Wieder fluchte Caligula vor sich hin, aber dann begann er nachzudenken. Dabei kam er zu einem Ergebnis, das sich für die Rote Korsarin und alle, die sich an Bord ihres Schiffes befanden, noch höchst bedrohlich auswirken sollte.

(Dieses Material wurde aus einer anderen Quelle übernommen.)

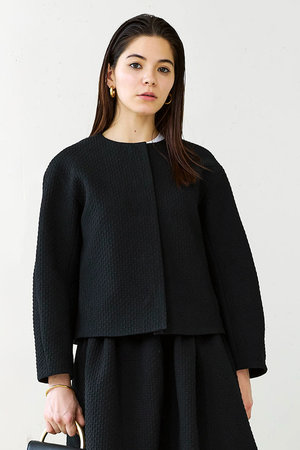 ジェイドット/j.のストレッチジャカードノーカラージャケット(110800/110801)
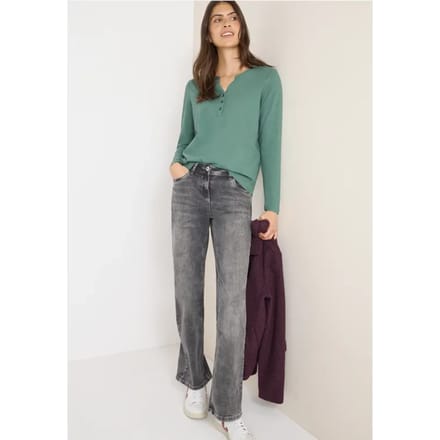 Shirt met lange mouwen met gespleten hals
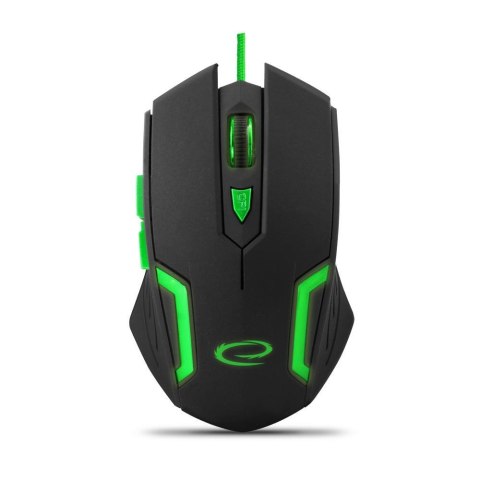 Mysz przewodowa Esperanza MX205 Fighter optyczna Gaming 6D USB czarno-zielona ESPERANZA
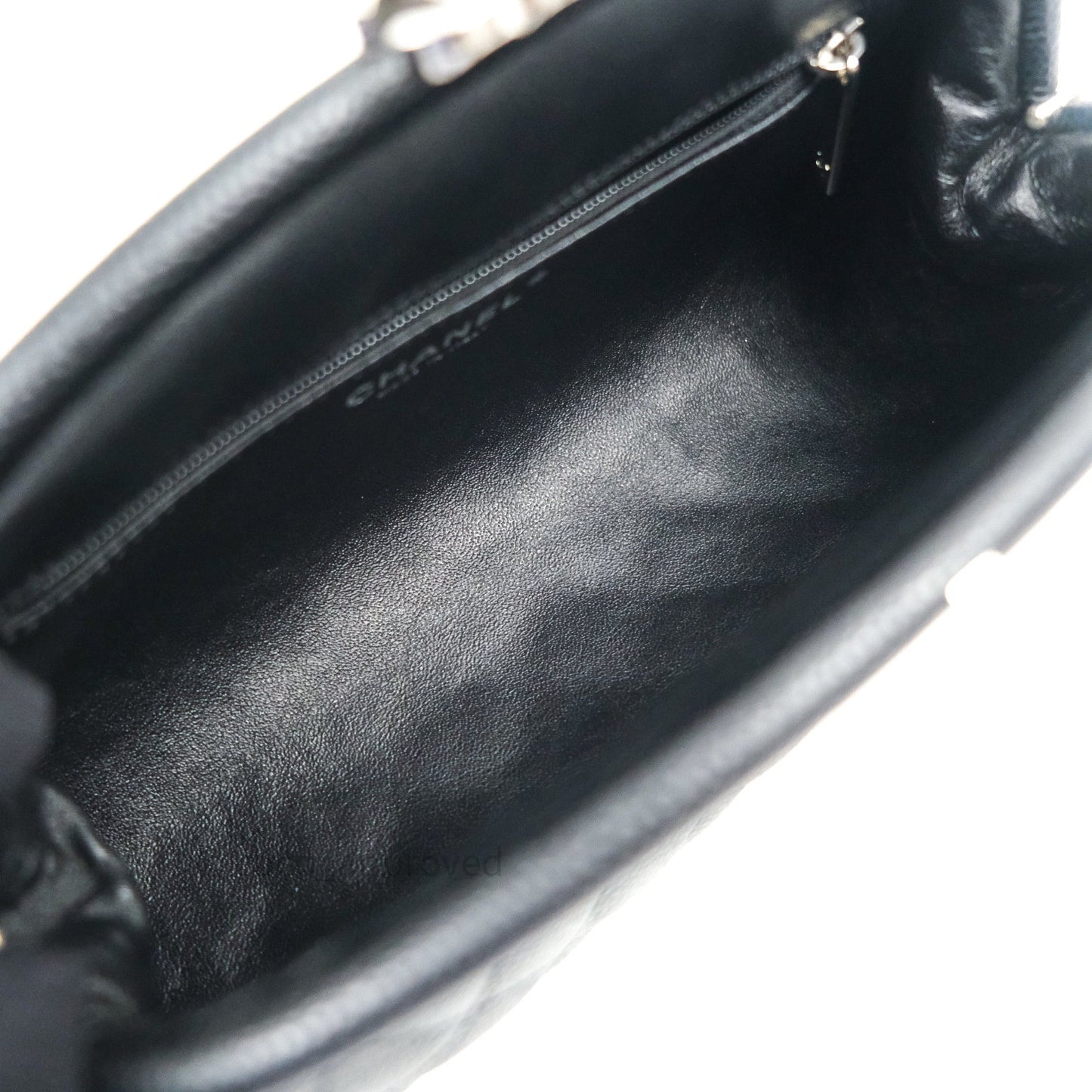 Chanel Quilted Timeless Kisslock Clutch Black Caviar Silver Hardware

Ja – so würde es klappen! Diesmal sollte die Rote Korsarin dran glauben und dann die Schlangeninsel. Hatte man sie erst erledigt, war man schon mal einen verdammt gefährlichen Feind los. Vom Seewolf aber wußte man in der Karibik, daß er sie verlassen hatte, und es war ungewiß, wann er wieder zurückkehren werde. Die Zeit bis dahin jedoch – die mußte man nutzen.
Caligula grinste plötzlich, dann feuerte er seine Männer an. Trotz des Segels griffen sie zu den Paddeln und beschleunigten die Fahrt des Auslegerbootes noch, dem seine pechschwarze Farbe hervorragende Dienste erwiesen hatte. Denn es war von Bord des Viermasters der Roten Korsarin so wenig bemerkt worden, wie es Tatona und ihre Schlangenkriegerinnen bemerkt hatten.
Caligula erreichte die Bucht, in der die Black Queen schon unruhig auf ihn wartete, gegen Mittag. Er verlor keine Zeit, sondern eilte sofort zu ihr.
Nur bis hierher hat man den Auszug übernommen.